Air Canada pourrait devoir verser plus de 100 millions $ en indemnités aux travailleurs qui ont perdu leur emploi dans les centres de maintenance il y a plus de dix ans, affirment les avocats d’un recours collectif.
Une décision rendue en 2022 par la Cour supérieure du Québec a jugé que la compagnie aérienne avait violé la loi fédérale en ne maintenant pas trois centres opérationnels lorsque Aveos Fleet Performance Inc. – l’entrepreneur qui les exploitait – s’est effondré en 2012.
Air Canada a déposé un appel, qui n’a pas encore été entendu.
Cette semaine, le juge a décidé d’une formule pour calculer les salaires perdus et autres dommages pour les 2 200 anciens employés des usines fermées d’Aveos, situées à Montréal, Winnipeg et Mississauga, en Ontario.
L’indemnisation dépassera probablement les 100 millions de dollars, soit au moins 45 400 $ par employé, a déclaré Elodie Drolet-French, avocate représentant les travailleurs.
Les ex-employés devront présenter des demandes individuelles. « Il y aura un processus clair », a déclaré Mme Drolet-French en entrevue. « Ce sera facile. »
L’indemnisation pourrait couvrir des dommages allant de la perte d’avantages à la « perte d’estime de soi », en passant par le stress et le divorce, selon un communiqué en français du cabinet d’avocats Trudel Johnston et Lesperance.

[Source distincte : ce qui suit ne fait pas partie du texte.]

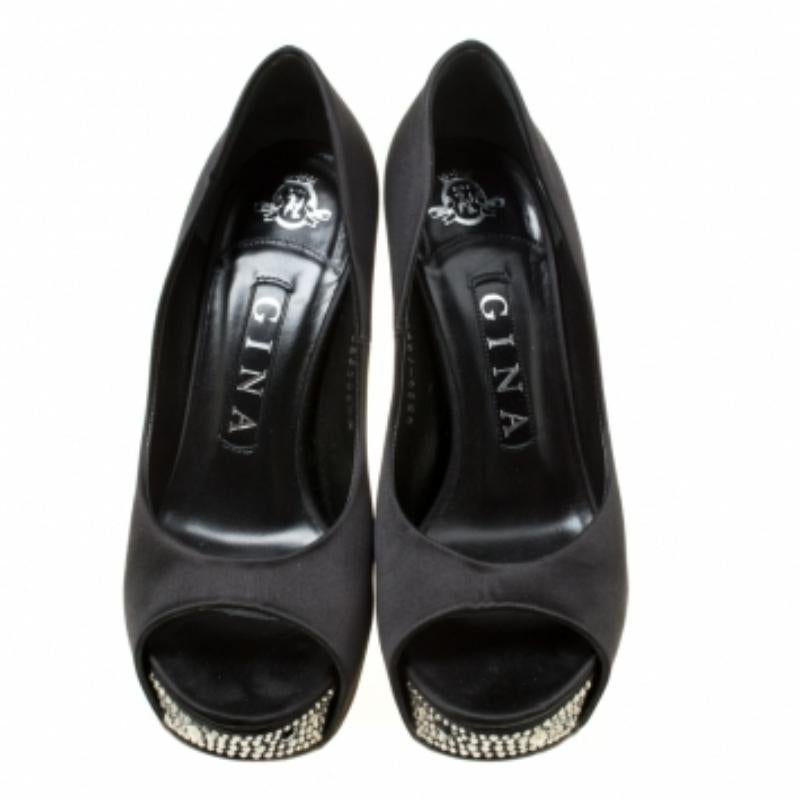 Gina Noir Satin Crystal Embellish Peep Toe Platform Pumps Size 37 en vente 2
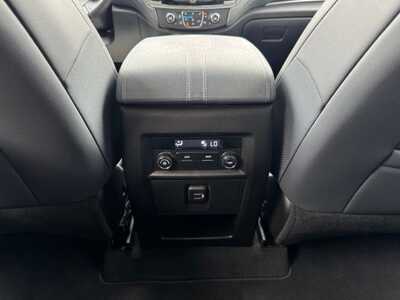 2021 Chevrolet Traverse, $23499. Photo 10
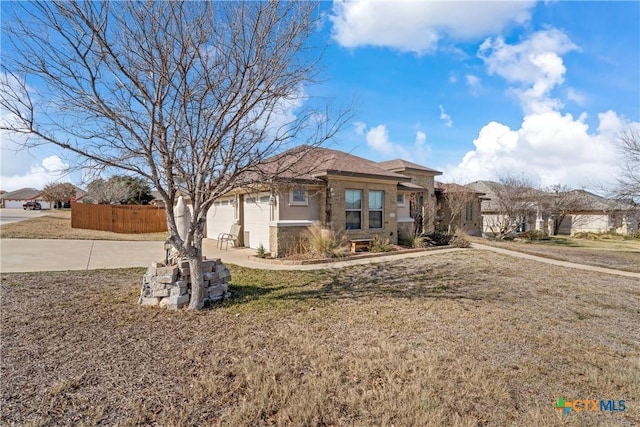 view of front of home featuring a garage and a front yard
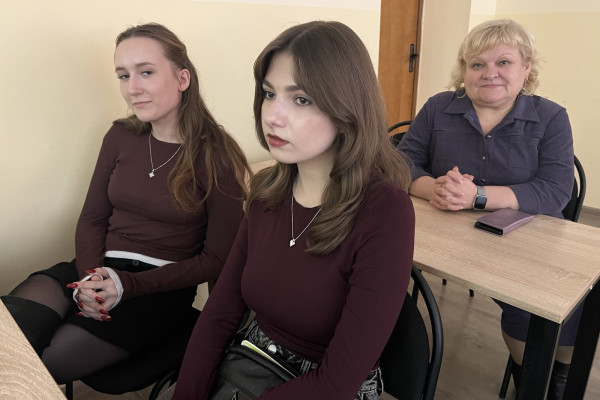 IMG-f1798e044b1fd1df1b07c7e8d561bd15-V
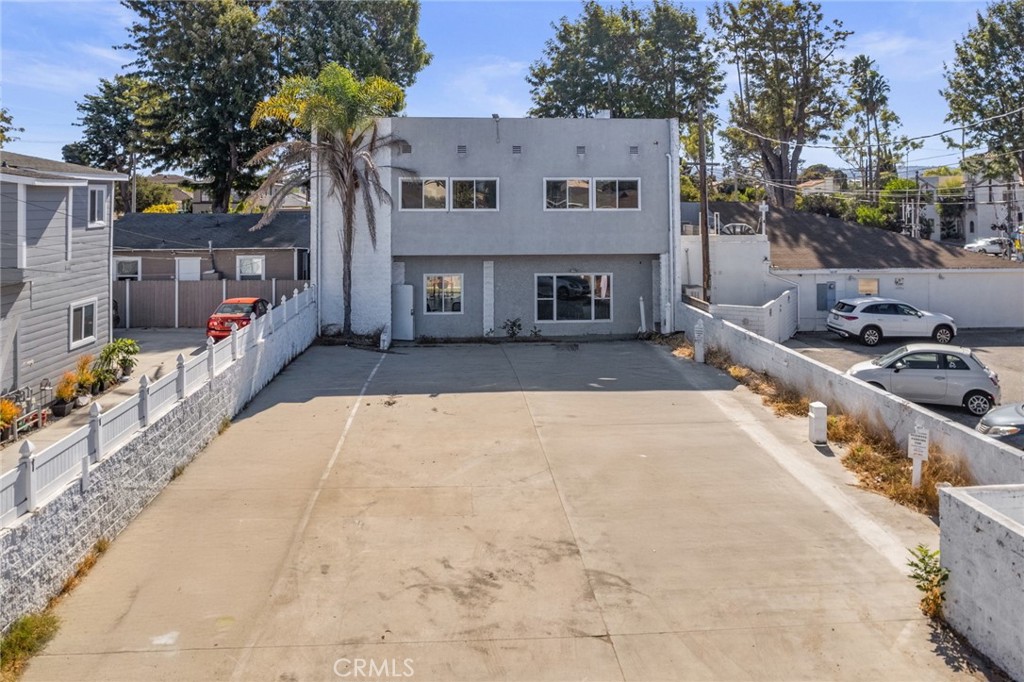 2321 Torrance Boulevard 2 Property Photo 5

« Bien qu’il soit difficile à l’heure actuelle d’évaluer le montant total qu’Air Canada devra payer à la suite des réclamations des membres, les avocats du représentant estiment de façon prudente que ce montant dépasse largement les 100 millions de dollars », a déclaré Anne-Julie Asselinit, associée au cabinet.
Air Canada a souligné que la décision de lundi ne fait qu’établir une méthode de calcul et exige la preuve des pertes de la part des membres individuels.

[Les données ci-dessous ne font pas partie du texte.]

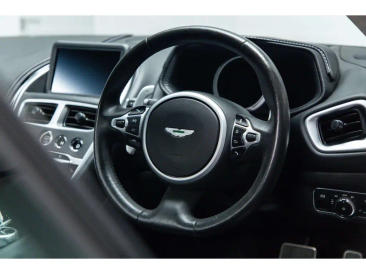 Aston Martin DB11 DB11 V8 Coupe — photo 39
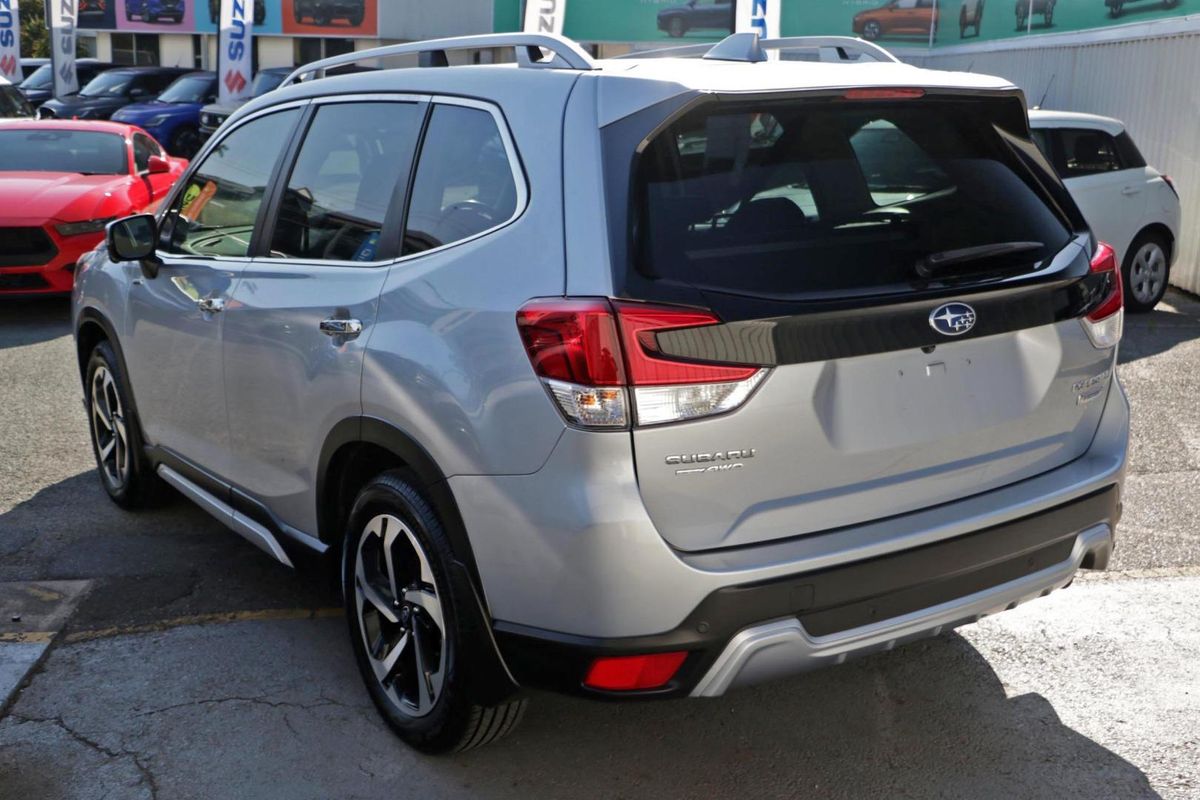 2023 Subaru Forester Hybrid L S5
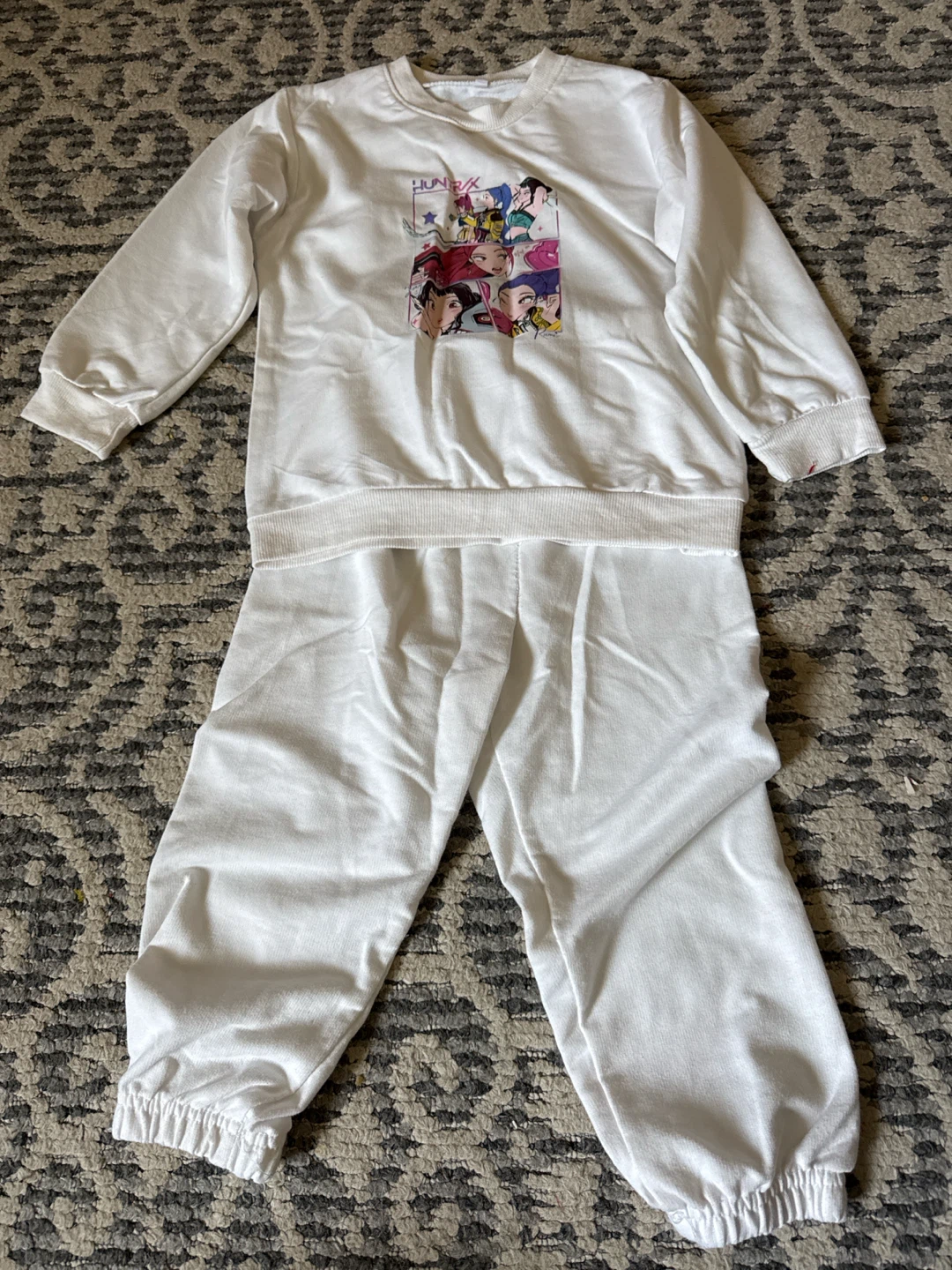 White Graphic Sweatshirt and Pants Set size 120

«Elle reste totalement muette sur la quantification du montant total. Toute évaluation à ce stade relève donc de la pure spéculation», a déclaré le porte-parole Christophe Hennebelle dans un courriel.
Si l’appel de la compagnie aérienne contre le jugement initial réussit, la dernière décision de la juge Marie-Christine Hivon ne s’appliquera pas, a-t-il ajouté.

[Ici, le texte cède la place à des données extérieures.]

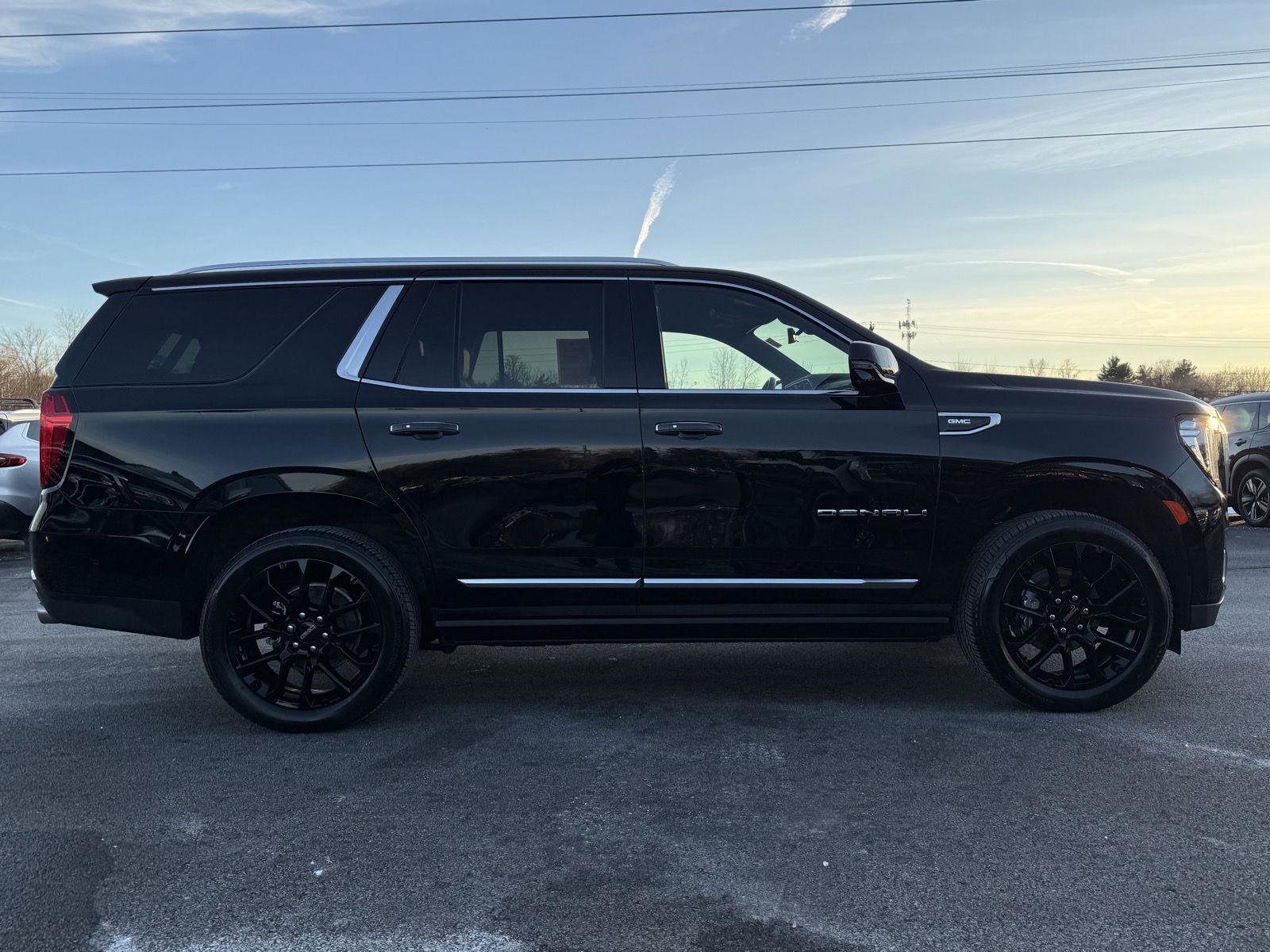 Used 2024 GMC Yukon Denali w/ Denali Reserve Package image 4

En cas d’échec, le coût potentiel pourrait toutefois aggraver les difficultés d’une entreprise confrontée à une baisse de la demande pour les voyages d’agrément, à une lente reprise post-pandémie pour les voyages d’affaires à marge plus élevée et à une concurrence croissante de la part de Porter Airlines en pleine expansion. Après deux ans de boom industriel, Air Canada a perdu 81 millions de dollars au premier trimestre et le cours de son action a chuté de 31 % au cours des 12 derniers mois.
Aveos a assuré l’entretien et la réparation de cellules, de moteurs et d’autres composants d’avions pendant des décennies. Fondée en 1937 sous le nom d’Air Canada Technical Services, l’entreprise a été séparée de la plus grande compagnie aérienne du pays en 2007 avant de se placer sous la protection de ses créanciers en mars 2012. Elle a licencié quelque 2 600 employés et a fermé ses portes à Montréal, où travaillait la majorité de son personnel.
En vertu de la Loi sur la participation publique au capital d’Air Canada, le transporteur avait l’obligation d’entretenir ses centres de Montréal, Winnipeg et Mississauga, une tâche qu’il avait confiée à Aveos. Le gouvernement fédéral a modifié la loi en juin 2016 pour assouplir cette obligation.
Le tribunal a déclaré que la sous-traitance ne libérait pas Air Canada de ses obligations légales lorsque le sous-traitant a fermé ses portes. La modification de la loi n’était pas rétroactive, a déclaré le juge, contrairement à ce que prétendait la compagnie.